Arènes sanglantes

On nous reproche de verser le sang des toros et quand un torero se fait tuer on dit que c’est bien fait pour lui. Où est l’Humanisme? Aujourd’hui, un homme est mort, encorné devant moi, à deux reprises. Si la blessure fait partie de la corrida, on ne peut accepter la mort de l’Homme. Et pourtant… elle surgit toujours à l’improviste et c’est elle qui finit par triompher de tout.

Je croyais avoir assisté à une bonne corrida de Baltasar Ibán avec une oreille coupée par Fandiño à son premier et une très bonne prestation de Juan del Álamo tout auréolé qu’il est de son récent triomphe madrilène. Je viens d’apprendre en rentrant chez moi, après 2h 45 de trajet que la représentation était bel et bien une offrande sans rédemption. Fandiño que j’avais vu toréé à Valence en solo, Fandiño que j’avais vu triomphé à Mont de Marsan, que j’avais vu coupé une oreille à Vic ne donnera plus aucune faena. On se souvient de sa manière de se jeter entre les cornes sans muleta pour occire son toro avant de sortir par la Grande Porte de Las Ventas en 2013. Torero républicain qui avait refusé d’offrir son toro au Roi, il les avait bien accrochées, au point de vouloir faire exploser le système en combattant 6 toros 6 des élevages réputés les plus durs, ni plus ni moins qu’à Madrid, Temple du toreo.

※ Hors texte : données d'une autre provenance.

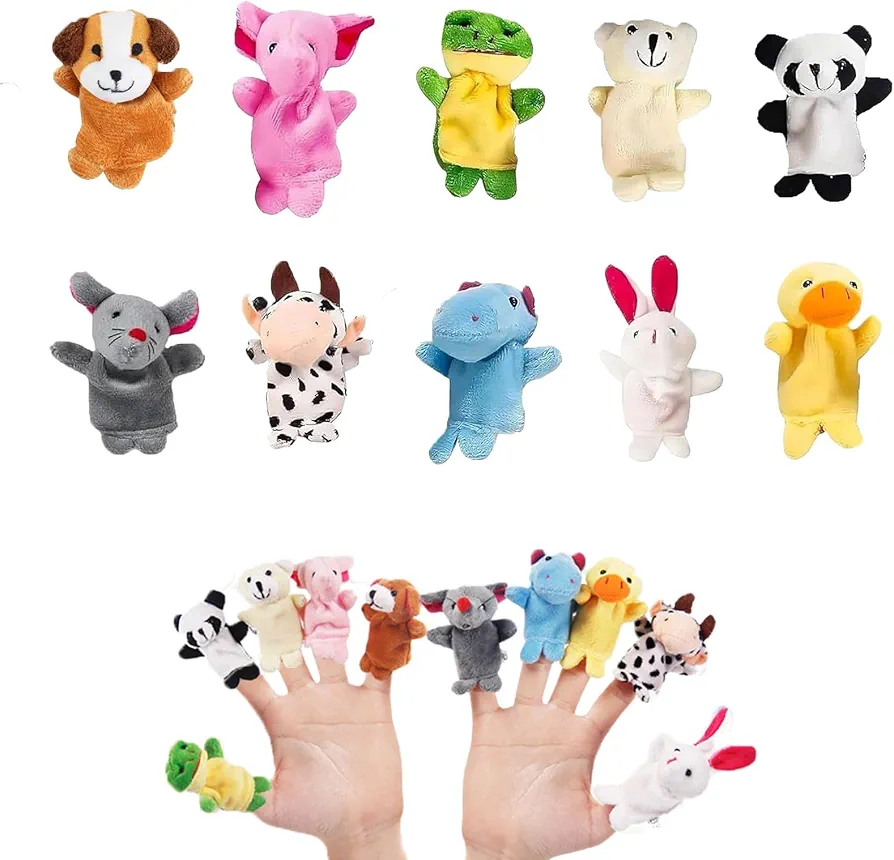 10 Pack Finger Puppets for Toddlers - Adorable Animal Plush Toys for Kids, Perfect for Storytelling, Role-Playing & Party Favours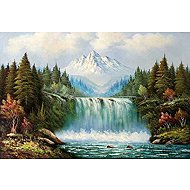 Norimpex Landscape with waterfall and mountain 30 × 40 cm - Diamond Painting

C’était en 2015, ce fut un échec, on le sait. Depuis il était reparti de zéro, de village en villages. C’est dans celui d’Aire sur l’Adour qu’il rentre dans l’éternité.

Mes plus sincères condoléances aux siens, en commençant par son épouse qui lui a donné une petite fille il y a deux ans, et à Antoine, son valet d’épée, et Jarocho, son banderillero, qui assiste impuissant pour la deuxième fois en deux ans à la mort de son maestro.

Descansa en paz, Iván.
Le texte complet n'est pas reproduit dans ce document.